Se tenait jeudi, la première réunion depuis les élections et beaucoup de monde présent (près de 70 personnes). Ce fut un moment très agréable et très utile aussi.

🙋🏻‍♂️❓Le choix collectif a été fait de privilégier ce que j’appellerai les QAD (Questions au Député), [comme les QAG (NDLR : Questions au Gouvernement, séquence chaque mardi après-midi, permettant aux député.es de soumettre des questions au gouvernement soit d’ordre général soit en lien avec les territoires. Notre groupe dispose chaque mardi d’un droit à deux questions. Chaque question dure 2 mn et la réponse également].
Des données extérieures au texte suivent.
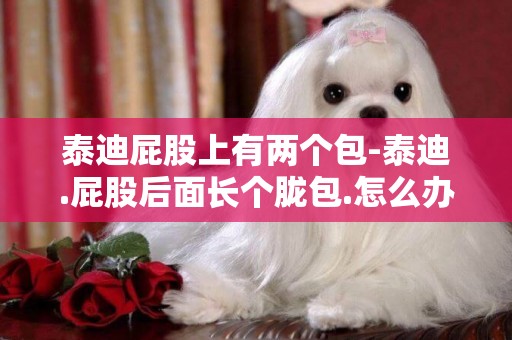 泰迪屁股上有兩個包-泰迪.屁股后面長個朧包.怎么辦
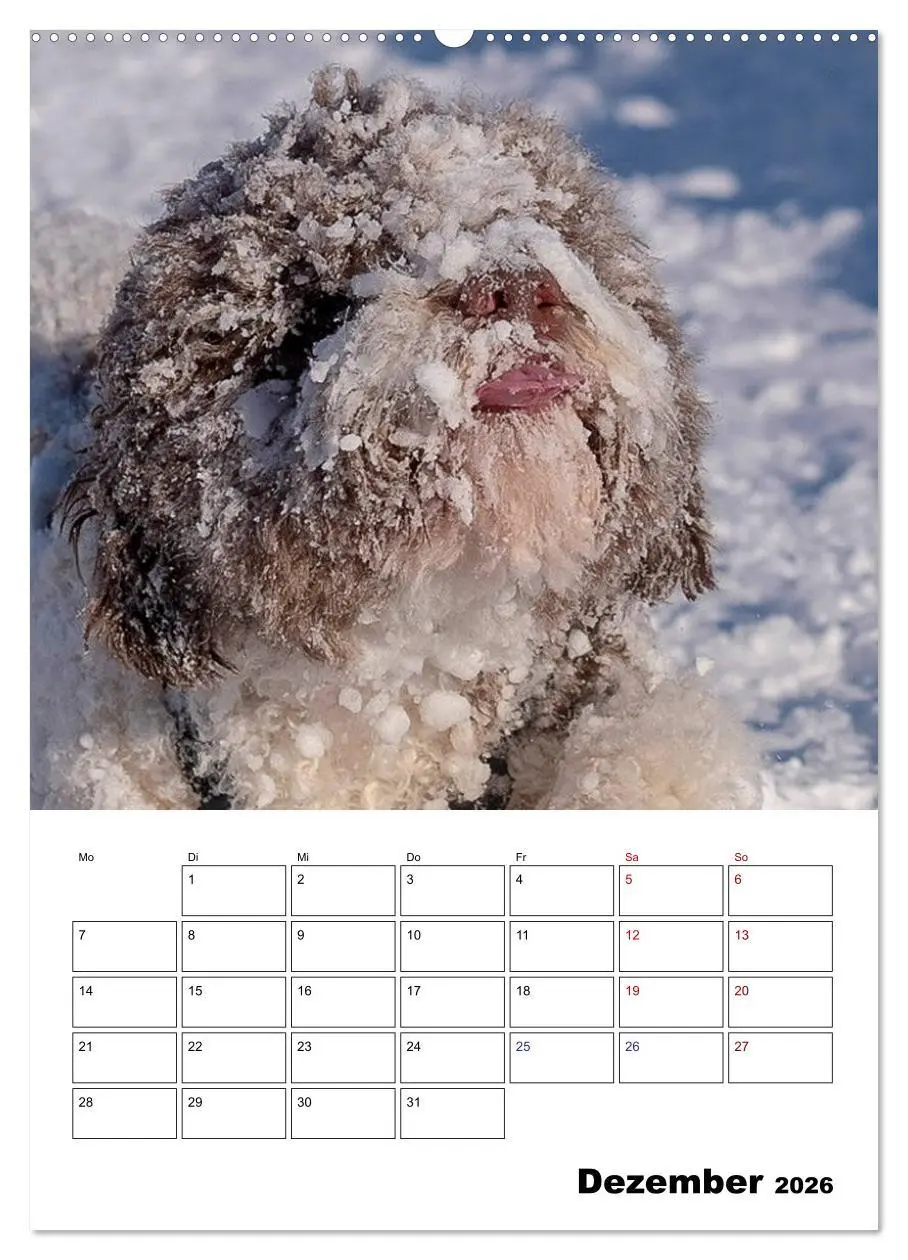 Bild: 9783516394818 | Lagotto Romagnolo - Lustige Zwerge (Wandkalender 2026 DIN A2 hoch),...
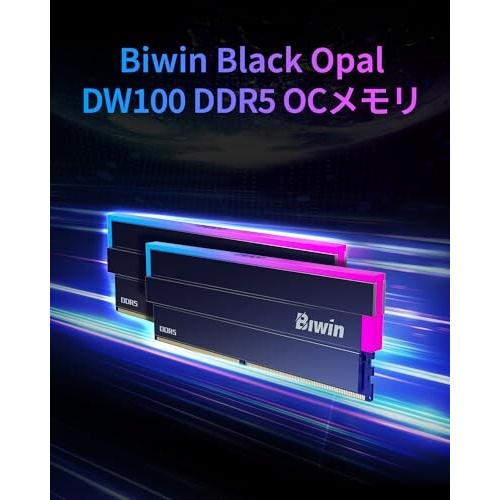 Biwin DW100 DDR5 6000MT/s16GB×2枚CL28 Amazon.co.jp: Biwin DW100 DDR5 6000MT/s (PC5-48000) 192GB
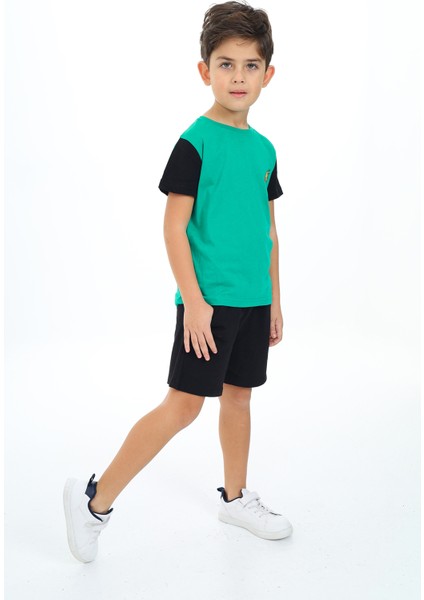 Erkek Çocuk Baskılı Şortlu Takım modelleri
✅Elles furent nombreuses et très pertinentes, quel plaisir de pouvoir expliquer la réalité de l’exercice, mes perceptions des enjeux politiques et de l’ambiance à l’An.
Du coup, nous avions programmé 3 groupes de travail qui ont été créés et qui seront lancés d’ici la rentrée :
1️⃣ L’un concerne la mise en place d’une tournée citoyenne à la rencontre des quartiers de Tours entre les mois de septembre et octobre
2️⃣ le second la création d’un parlement de circonscription déjà imaginé et testé pendant la campagne,
3️⃣ le 3ème relatif à un projet d’enquête populaire sur les services publics en lien avec l’association Convergence Services Publics en (Indre et Loire
Si intéressé.e, vous pouvez prendre contact avec Zélie Geneix
Et sinon, nous avons répondu aux sollicitations d’habitant.es sur des situations individuelles et allons organiser des permanences fixes à compter de la rentrée.

📖🖌Pour finir, j’ai profité de ce week-end pour rédiger des textes de référence pour le parlement de circonscription et à travailler sur les propositions que nous ferions pour le parlement Nupes au niveau national.
🚂 De retour à Paris ce lundi, nos travaux reprennent ce jour.